Ao aprovar uma lei que libertava e igualava os índios aos portugueses, o objetivo de Pombal era angariar a simpatia das populações nativas da Bacia Amazônica em razão da assinatura, em 1750, do Tratado de Madri, que revogou Tordesilhas (1494).
No tratado foi estabelecido que os limites entre Portugal e Espanha na América do Sul seriam fixados segundo o princípio do uti possidetis, ou seja, a terra seria daquele que já a ocupasse e sobre a qual não houvesse acordo estabelecendo limite anterior.
O problema para os portugueses, como observou Bessa, era que naquela época havia apenas cerca de mil portugueses em toda a região.
Em vista disso, um dos critérios usados pela comissão demarcadora do tratado para saber onde terminava a área sob ocupação portuguesa e começava a espanhola era se os habitantes locais falavam a língua geral. Esta era a língua usada pelos portugueses para "civilizar" a América. Ela era o resultado da sistematização do tupinambá pelos jesuítas ainda no século XVI. No Estado do Grão-Pará e no resto da colônia teve o status de língua oficial.

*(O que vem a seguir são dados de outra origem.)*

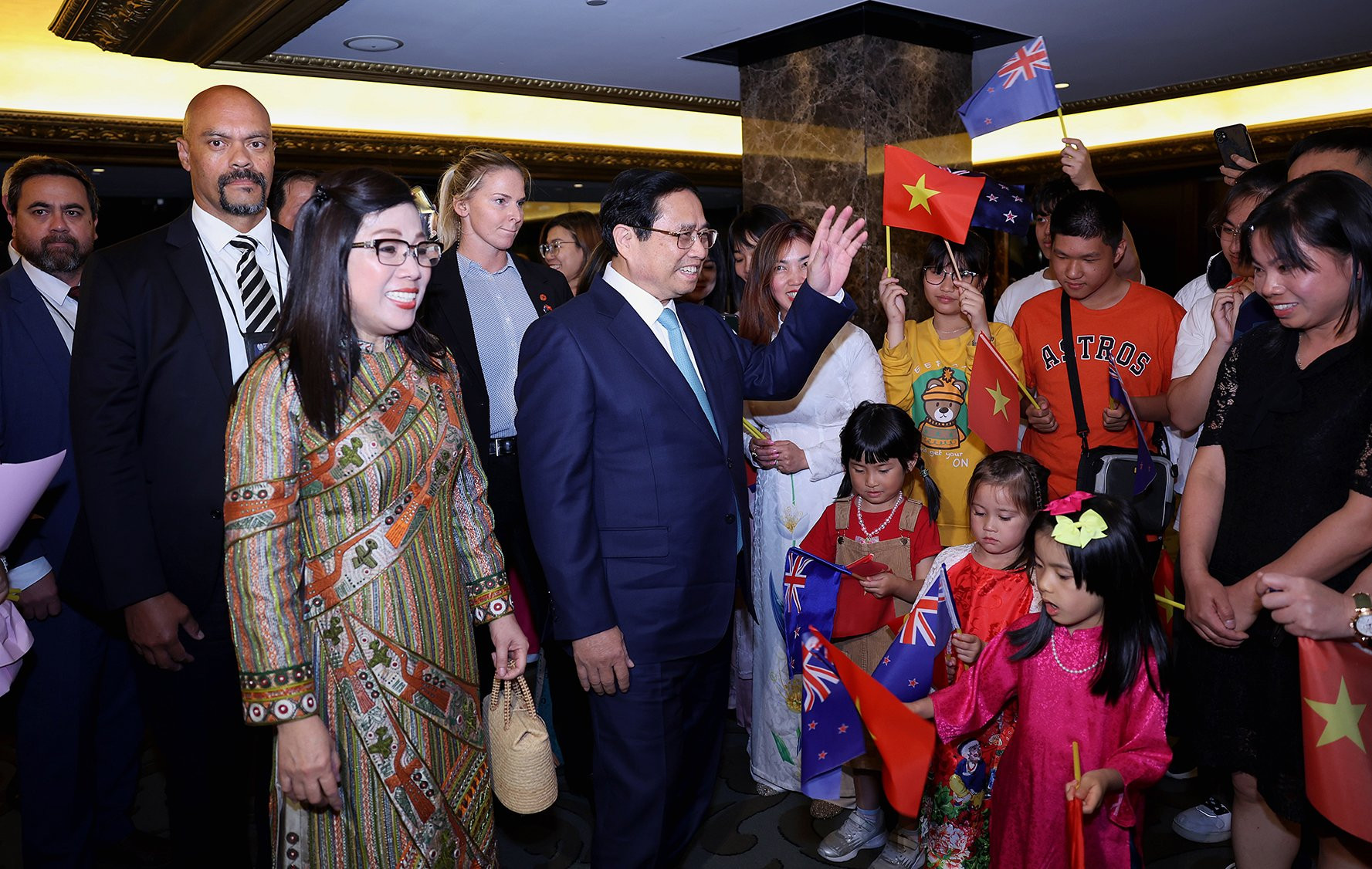 Thủ tướng Phạm Minh Chính tới Auckland, thăm chính thức New Zealand- Ảnh 4.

O professor observa que depois da lei de 1755, a escravidão indígena nunca mais foi legalmente reinstalada no Brasil. O mesmo não ocorreu com a exploração do trabalho compulsório dos índios.
Tiro n'água
Ao considerar a possibilidade da vinda de mão-de-obra livre da Europa ou em regime de semisservidão, como ocorreu nos EUA, Jacob Gorender observou, em Escravismo Colonial, que esses trabalhadores não seriam capazes de mover a cultura agroexportadora monopolista que os portugueses implantaram na América. A razão disso é que, ao contrário dos escravos - africanos ou não -, nada impediria que trabalhadores livres procurassem terras para explorarem por conta própria, ao invés de se sujeitarem aos grandes proprietários, como ocorreu com os europeus que imigraram para o Brasil no início do século XX. No segundo caso, dos servos temporários, uma vez terminado o tempo do contrato, eles também estariam livres para procurar novas terras, como ocorreu no Nordeste dos EUA.

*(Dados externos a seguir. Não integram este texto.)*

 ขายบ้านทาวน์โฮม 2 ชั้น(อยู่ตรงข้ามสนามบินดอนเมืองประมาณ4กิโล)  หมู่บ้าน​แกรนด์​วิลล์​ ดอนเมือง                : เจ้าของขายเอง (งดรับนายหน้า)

Como observou o professor Bessa, os índios da região amazônica não se comportaram de outra forma. Ao serem legalmente igualados aos portugueses, em 1755, eles logo tentaram voltar ao seu antigo modo de vida ao abandonarem as aldeias e vilas criadas com o propósito de estabelecer a ocupação portuguesa da região. O resultado foi uma crise na economia local pela falta de mão-de-obra, como observou o professor.
A solução para a crise veio em 1757, com a criação do Diretório Pombalino, que reinstaurava o trabalho compulsório. Os índios deveriam ser reunidos nas aldeias e ficarem sob controle de cidadão de ilibada reputação, o diretor, escolhido entre os colonos.
Nada mais longe da realidade. Segundo Bessa, o naturalista Alexandre Rodrigues Ferreira observou que os diretores de índios eram facínoras, bandidos e assassinos, sendo cada um deles um fidalguete. Ferreira participou de uma missão científica que percorreu 39 mil quilômetros na região entre 1785 e 1792.